Segundo Daniel Douek, sócio-diretor da empresa, dependendo do modelo, a lista de espera pode chegar a 4 meses. “A procura aumentou tanto, que até hoje estou sem produto pra trabalhar direito. Em 12 anos de loja, nunca tinha visto isso”, conta o comerciante Wala Costa, de Porto Velho (RO), proprietário da Rondobikes.

Grande parte das peças que compõem uma bicicleta de qualquer marca no mundo é importada de países asiáticos, principalmente da China – que já tem uma cultura consolidada de uso do veículo.

Após os dois primeiros meses da pandemia no ano passado, houve um boom mundial de procura por novas bicicletas e de peças e acessórios. Com isso, os chineses não conseguiram dar conta nem de seu mercado interno.

Segundo a Abraciclo (Associação Brasileira dos Fabricantes de Motocicletas, Ciclomotores, Motonetas, Bicicletas e Similares), no ano passado, as fabricantes de bicicletas instaladas no polo industrial de Manaus (AM) produziram um volume 27,7% menor do que o fabricado em 2019.

Em contrapartida, o aumento de vendas do veículo em 2020 foi, em média, de 50% em comparação a 2019, segundo levantamento realizado pela Aliança Bike, que ouviu centenas de lojistas, fabricantes e montadores de todo o país ao longo do ano passado e em janeiro de 2021.

Em julho, no pico de vendas, esse aumento chegou a 118%. Entre os modelos mais vendidos, as bicicletas de entrada – tanto urbanas, quanto mountain bikes aro 29″ -, com valores que variaram entre R$ 800 e R$ 2 mil.

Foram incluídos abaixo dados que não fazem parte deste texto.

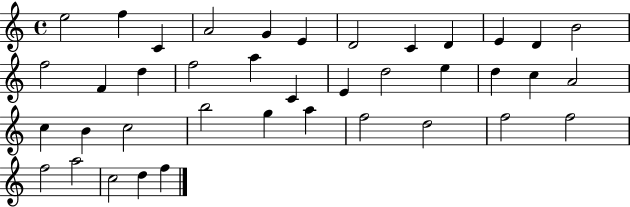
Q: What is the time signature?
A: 4/4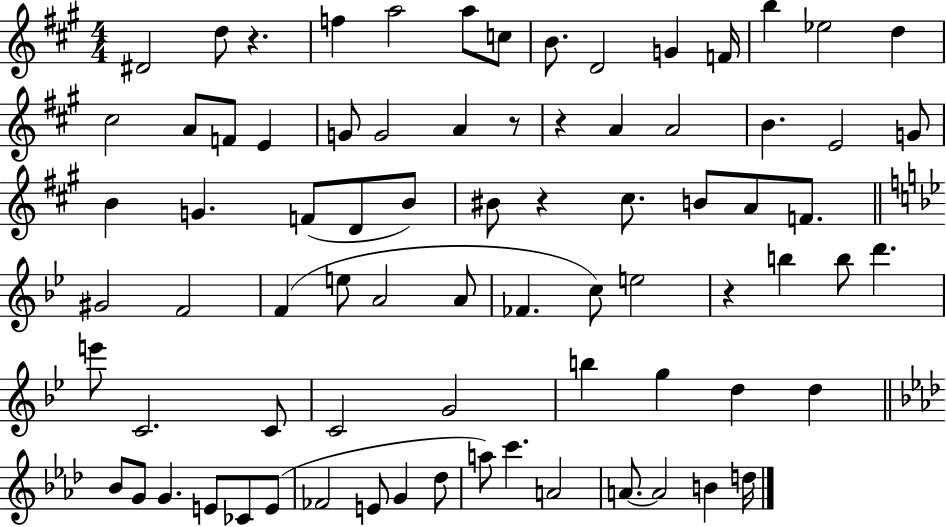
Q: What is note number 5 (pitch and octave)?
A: A5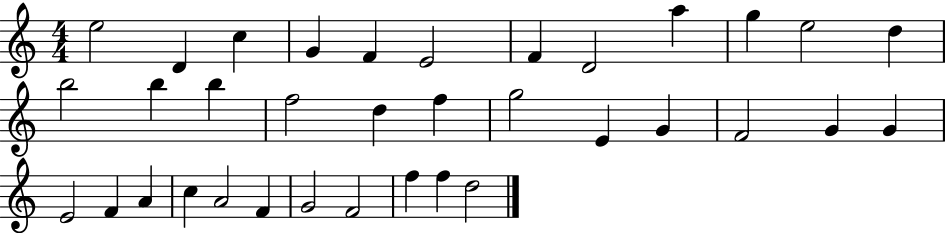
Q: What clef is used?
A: treble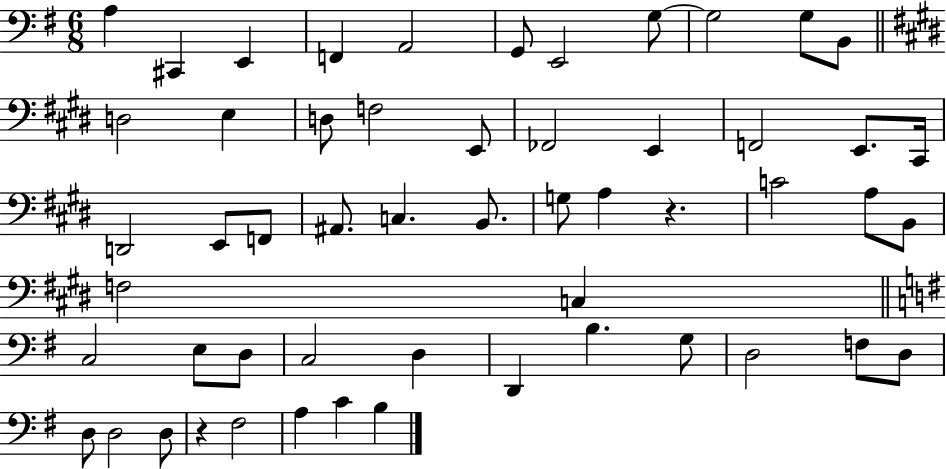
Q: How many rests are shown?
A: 2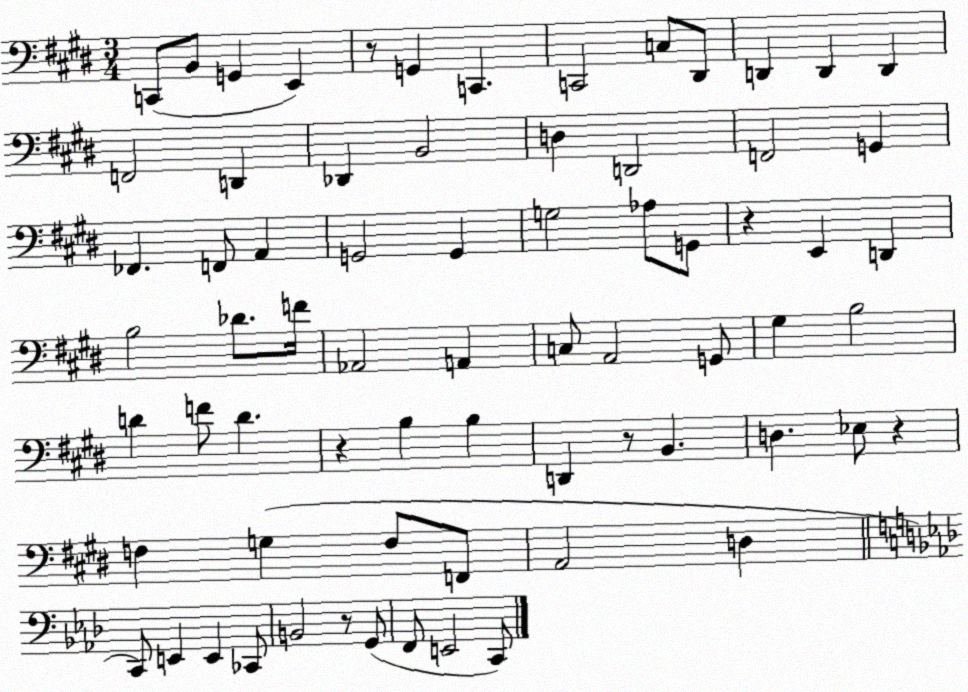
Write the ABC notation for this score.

X:1
T:Untitled
M:3/4
L:1/4
K:E
C,,/2 B,,/2 G,, E,, z/2 G,, C,, C,,2 C,/2 ^D,,/2 D,, D,, D,, F,,2 D,, _D,, B,,2 D, D,,2 F,,2 G,, _F,, F,,/2 A,, G,,2 G,, G,2 _A,/2 G,,/2 z E,, D,, B,2 _D/2 F/4 _A,,2 A,, C,/2 A,,2 G,,/2 ^G, B,2 D F/2 D z B, B, D,, z/2 B,, D, _E,/2 z F, G, F,/2 F,,/2 A,,2 D, C,,/2 E,, E,, _C,,/2 B,,2 z/2 G,,/2 F,,/2 E,,2 C,,/2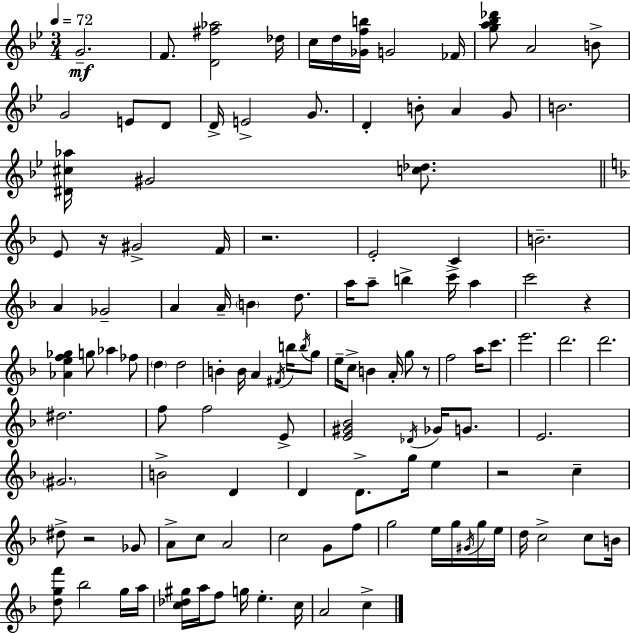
G4/h. F4/e. [D4,F#5,Ab5]/h Db5/s C5/s D5/s [Gb4,F5,B5]/s G4/h FES4/s [G5,A5,Bb5,Db6]/e A4/h B4/e G4/h E4/e D4/e D4/s E4/h G4/e. D4/q B4/e A4/q G4/e B4/h. [D#4,C#5,Ab5]/s G#4/h [C5,Db5]/e. E4/e R/s G#4/h F4/s R/h. E4/h C4/q B4/h. A4/q Gb4/h A4/q A4/s B4/q D5/e. A5/s A5/e B5/q C6/s A5/q C6/h R/q [Ab4,E5,F5,Gb5]/q G5/e Ab5/q FES5/e D5/q D5/h B4/q B4/s A4/q F#4/s B5/s B5/s G5/e E5/s C5/e B4/q A4/s G5/e R/e F5/h A5/s C6/e. E6/h. D6/h. D6/h. D#5/h. F5/e F5/h E4/e [E4,G#4,Bb4]/h Db4/s Gb4/s G4/e. E4/h. G#4/h. B4/h D4/q D4/q D4/e. G5/s E5/q R/h C5/q D#5/e R/h Gb4/e A4/e C5/e A4/h C5/h G4/e F5/e G5/h E5/s G5/s G#4/s G5/s E5/s D5/s C5/h C5/e B4/s [D5,G5,F6]/e Bb5/h G5/s A5/s [C5,Db5,G#5]/s A5/s F5/e G5/s E5/q. C5/s A4/h C5/q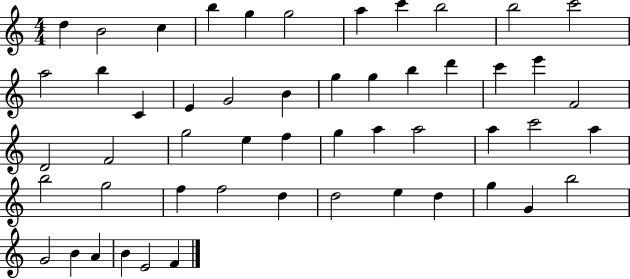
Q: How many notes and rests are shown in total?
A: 52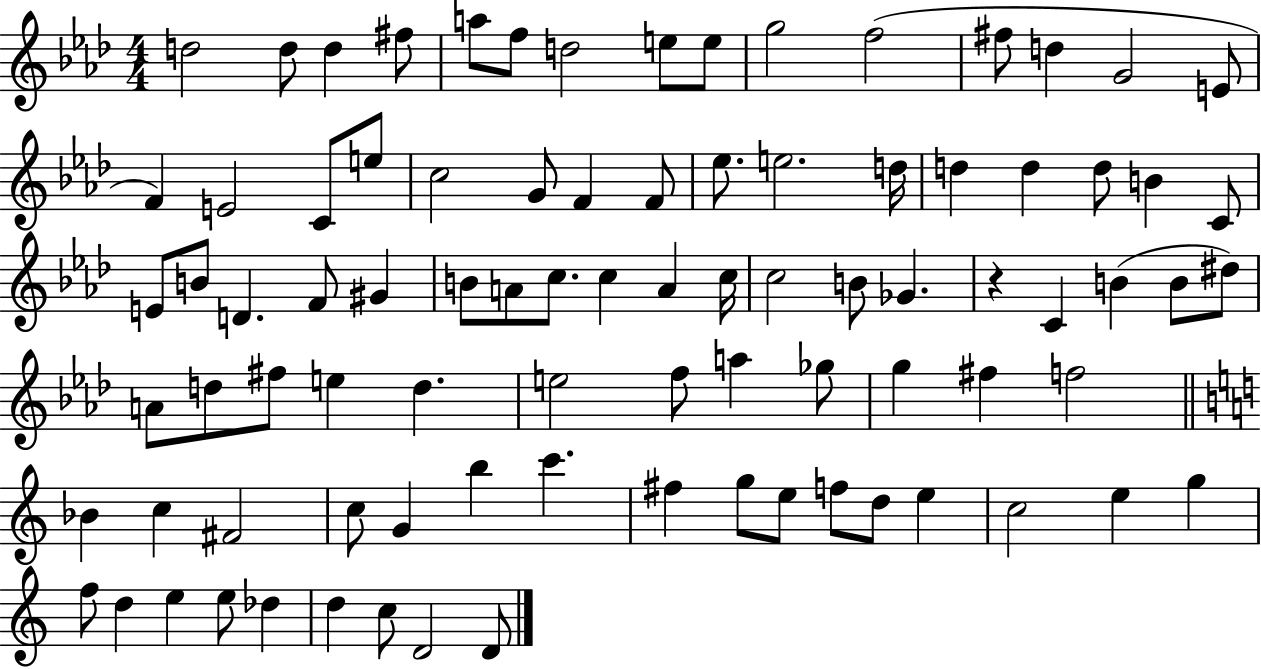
{
  \clef treble
  \numericTimeSignature
  \time 4/4
  \key aes \major
  \repeat volta 2 { d''2 d''8 d''4 fis''8 | a''8 f''8 d''2 e''8 e''8 | g''2 f''2( | fis''8 d''4 g'2 e'8 | \break f'4) e'2 c'8 e''8 | c''2 g'8 f'4 f'8 | ees''8. e''2. d''16 | d''4 d''4 d''8 b'4 c'8 | \break e'8 b'8 d'4. f'8 gis'4 | b'8 a'8 c''8. c''4 a'4 c''16 | c''2 b'8 ges'4. | r4 c'4 b'4( b'8 dis''8) | \break a'8 d''8 fis''8 e''4 d''4. | e''2 f''8 a''4 ges''8 | g''4 fis''4 f''2 | \bar "||" \break \key c \major bes'4 c''4 fis'2 | c''8 g'4 b''4 c'''4. | fis''4 g''8 e''8 f''8 d''8 e''4 | c''2 e''4 g''4 | \break f''8 d''4 e''4 e''8 des''4 | d''4 c''8 d'2 d'8 | } \bar "|."
}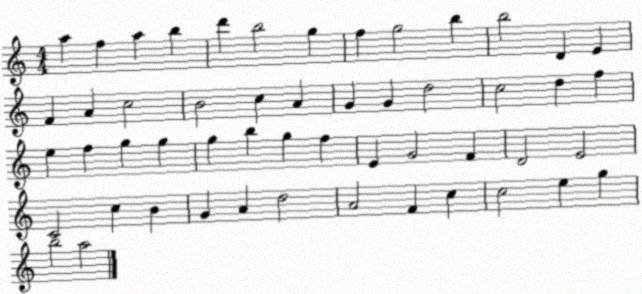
X:1
T:Untitled
M:4/4
L:1/4
K:C
a f a b d' b2 g f g2 b b2 D E F A c2 B2 c A G G d2 c2 d f e f g g g b g f E G2 F D2 E2 C2 c B G A d2 A2 F c c2 e g b2 a2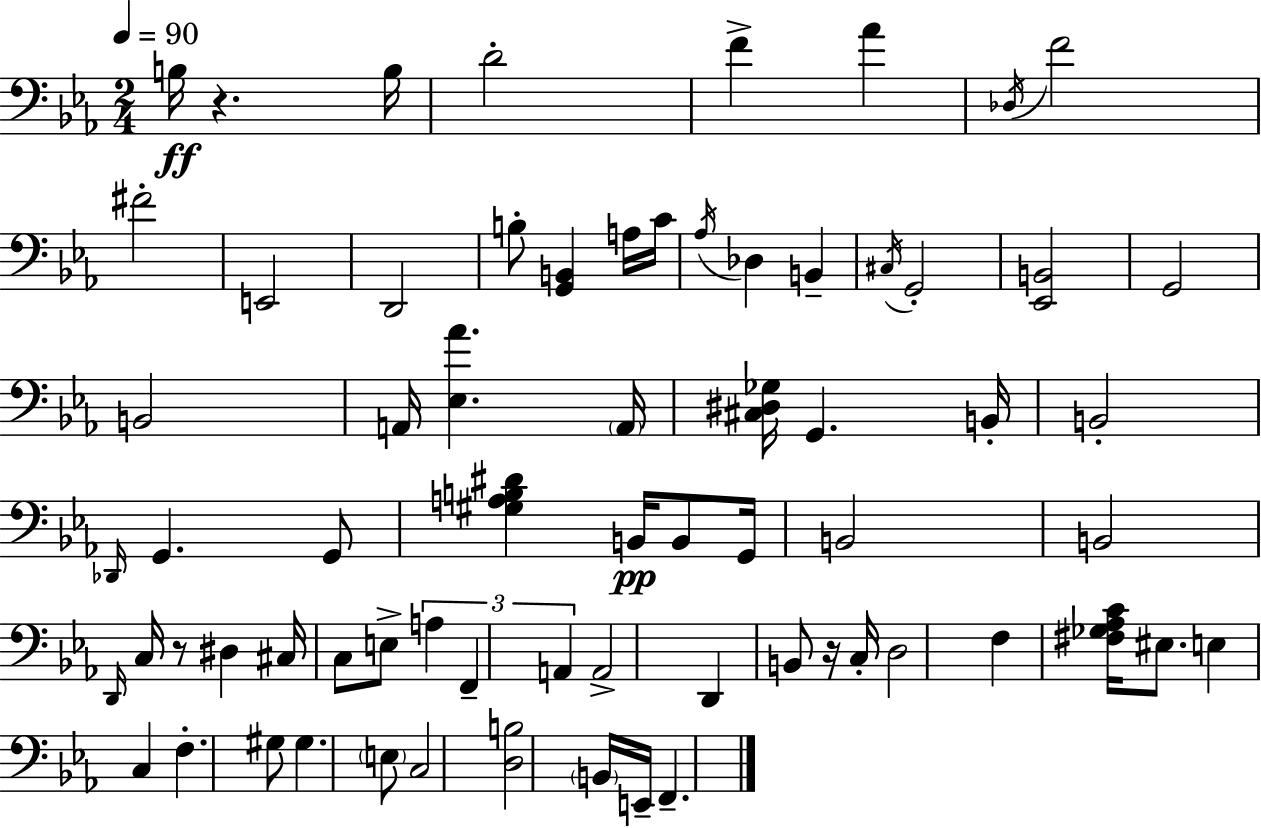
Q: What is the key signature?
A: C minor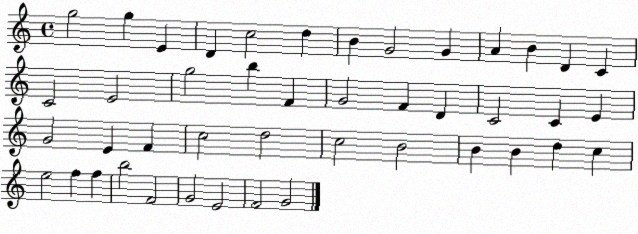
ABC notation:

X:1
T:Untitled
M:4/4
L:1/4
K:C
g2 g E D c2 d B G2 G A B D C C2 E2 g2 b F G2 F D C2 C E G2 E F c2 d2 c2 B2 B B d c e2 f f b2 F2 G2 E2 F2 G2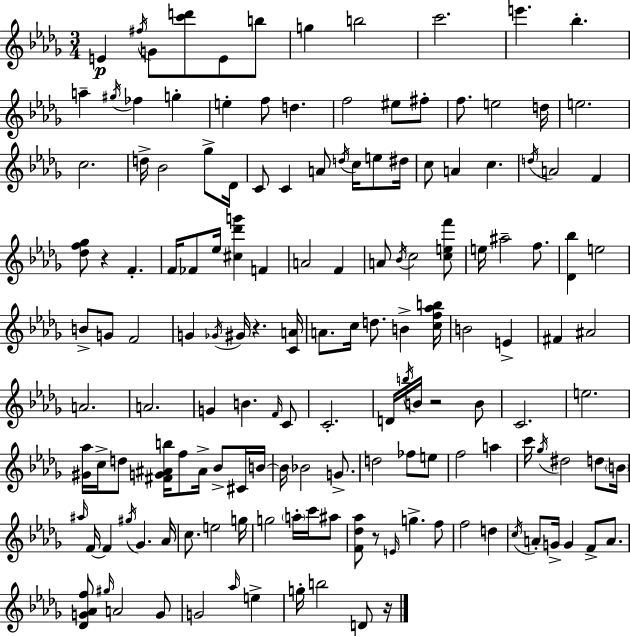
X:1
T:Untitled
M:3/4
L:1/4
K:Bbm
E ^f/4 G/2 [c'd']/2 E/2 b/2 g b2 c'2 e' _b a ^g/4 _f g e f/2 d f2 ^e/2 ^f/2 f/2 e2 d/4 e2 c2 d/4 _B2 _g/2 _D/4 C/2 C A/2 d/4 c/4 e/2 ^d/4 c/2 A c d/4 A2 F [_df_g]/2 z F F/4 _F/2 _e/4 [^c_d'g'] F A2 F A/2 _B/4 c2 [cef']/2 e/4 ^a2 f/2 [_D_b] e2 B/2 G/2 F2 G _G/4 ^G/4 z [CA]/4 A/2 c/4 d/2 B [cf_ab]/4 B2 E ^F ^A2 A2 A2 G B F/4 C/2 C2 D/4 b/4 B/4 z2 B/2 C2 e2 [^G_a]/4 c/4 d/2 [^FG^Ab]/4 f/2 ^A/4 _B/2 ^C/4 B/4 B/4 _B2 G/2 d2 _f/2 e/2 f2 a c'/4 _g/4 ^d2 d/2 B/4 ^a/4 F/4 F ^g/4 _G _A/4 c/2 e2 g/4 g2 a/4 c'/4 ^a/2 [F_d_a]/2 z/2 E/4 g f/2 f2 d c/4 A/2 G/4 G F/2 A/2 [_DG_Af]/2 ^g/4 A2 G/2 G2 _a/4 e g/4 b2 D/2 z/4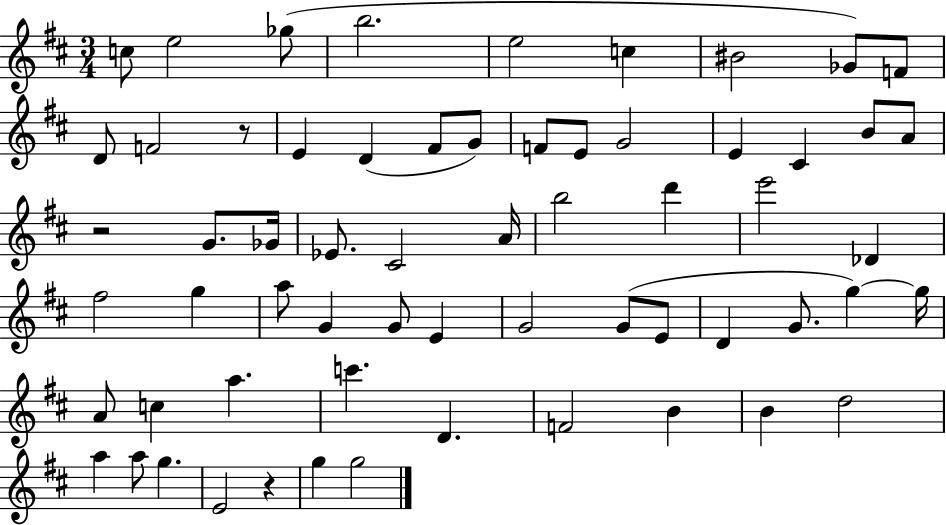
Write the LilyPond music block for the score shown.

{
  \clef treble
  \numericTimeSignature
  \time 3/4
  \key d \major
  c''8 e''2 ges''8( | b''2. | e''2 c''4 | bis'2 ges'8) f'8 | \break d'8 f'2 r8 | e'4 d'4( fis'8 g'8) | f'8 e'8 g'2 | e'4 cis'4 b'8 a'8 | \break r2 g'8. ges'16 | ees'8. cis'2 a'16 | b''2 d'''4 | e'''2 des'4 | \break fis''2 g''4 | a''8 g'4 g'8 e'4 | g'2 g'8( e'8 | d'4 g'8. g''4~~) g''16 | \break a'8 c''4 a''4. | c'''4. d'4. | f'2 b'4 | b'4 d''2 | \break a''4 a''8 g''4. | e'2 r4 | g''4 g''2 | \bar "|."
}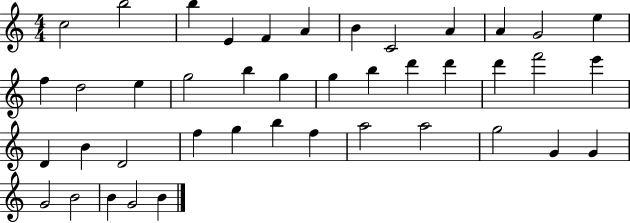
X:1
T:Untitled
M:4/4
L:1/4
K:C
c2 b2 b E F A B C2 A A G2 e f d2 e g2 b g g b d' d' d' f'2 e' D B D2 f g b f a2 a2 g2 G G G2 B2 B G2 B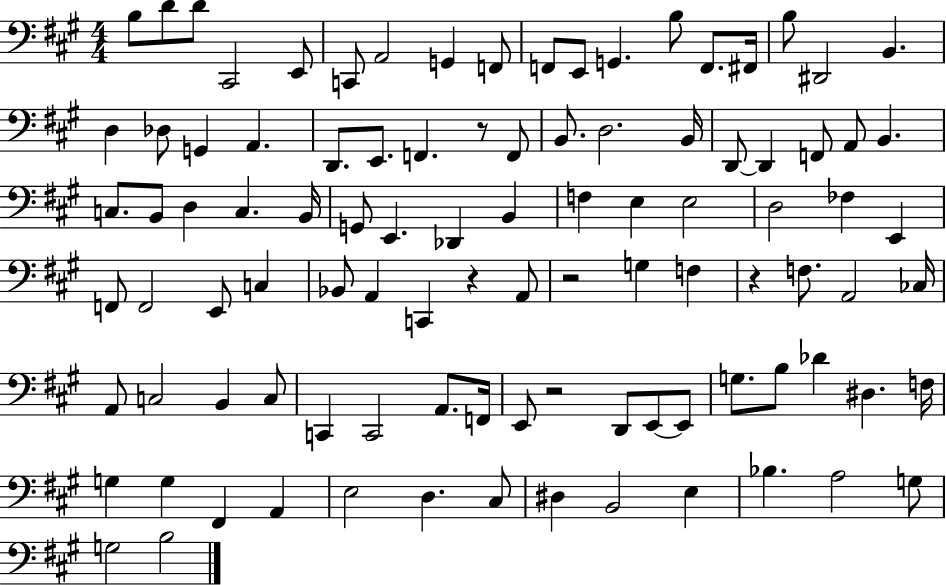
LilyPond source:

{
  \clef bass
  \numericTimeSignature
  \time 4/4
  \key a \major
  b8 d'8 d'8 cis,2 e,8 | c,8 a,2 g,4 f,8 | f,8 e,8 g,4. b8 f,8. fis,16 | b8 dis,2 b,4. | \break d4 des8 g,4 a,4. | d,8. e,8. f,4. r8 f,8 | b,8. d2. b,16 | d,8~~ d,4 f,8 a,8 b,4. | \break c8. b,8 d4 c4. b,16 | g,8 e,4. des,4 b,4 | f4 e4 e2 | d2 fes4 e,4 | \break f,8 f,2 e,8 c4 | bes,8 a,4 c,4 r4 a,8 | r2 g4 f4 | r4 f8. a,2 ces16 | \break a,8 c2 b,4 c8 | c,4 c,2 a,8. f,16 | e,8 r2 d,8 e,8~~ e,8 | g8. b8 des'4 dis4. f16 | \break g4 g4 fis,4 a,4 | e2 d4. cis8 | dis4 b,2 e4 | bes4. a2 g8 | \break g2 b2 | \bar "|."
}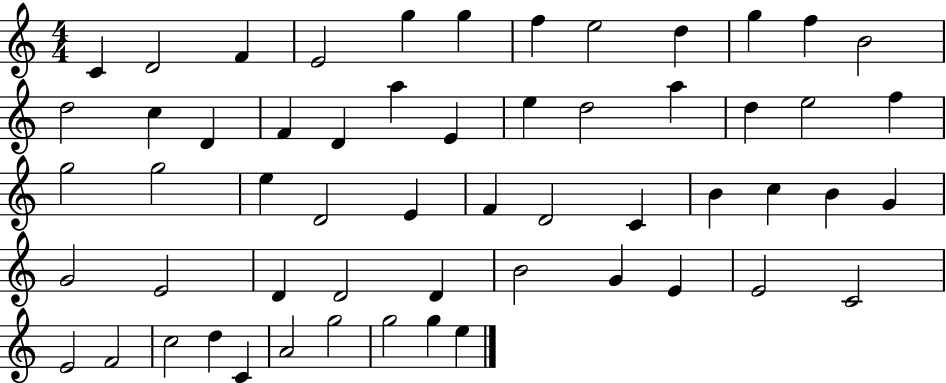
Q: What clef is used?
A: treble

O sócio e diretor comercial da Groove – fábrica localizada em Mococa (SP) -, Sérgio Gallo, afirma que hoje 64% do preço de uma bicicleta é imposto. “As fábricas de Manaus importam os mesmos componentes que a gente, mas nós não temos a isenção deles. A ideia da Zona Franca era incentivar a produção nacional, mas hoje todo mundo importa. E nós optamos por trabalhar de modo regionalizado, com atendimento mais próximo, no interior de São Paulo”.

Além da alta do dólar, o valor do frete marítimo durante a pandemia aumentou demais. Gallo diz que o contêiner que antes ele pagava US$ 1.200 para importar, agora custa US$ 8.000. “Um desafio para que os novos praticantes não desistam da modalidade é o preço da manutenção atualmente. O par da pastilhas de freio que antes custava R$ 80, hoje custa R$ 120, por exemplo”.

‘Momento não é de reduzir tributos’

As empresas que integram a Abraciclo defendem outras políticas para o setor. Cyro Gazola, CEO da Caloi e vice-presidente da Abraciclo, afirma que já há alternativas em planejamento. “Defendemos manter as regras do jogo, pelo menos, o momento atual não é de fazer alterações em tributos. As fábricas brasileiras, de Manaus, já estão preparadas para atender a demanda, mesmo se continuar crescendo”.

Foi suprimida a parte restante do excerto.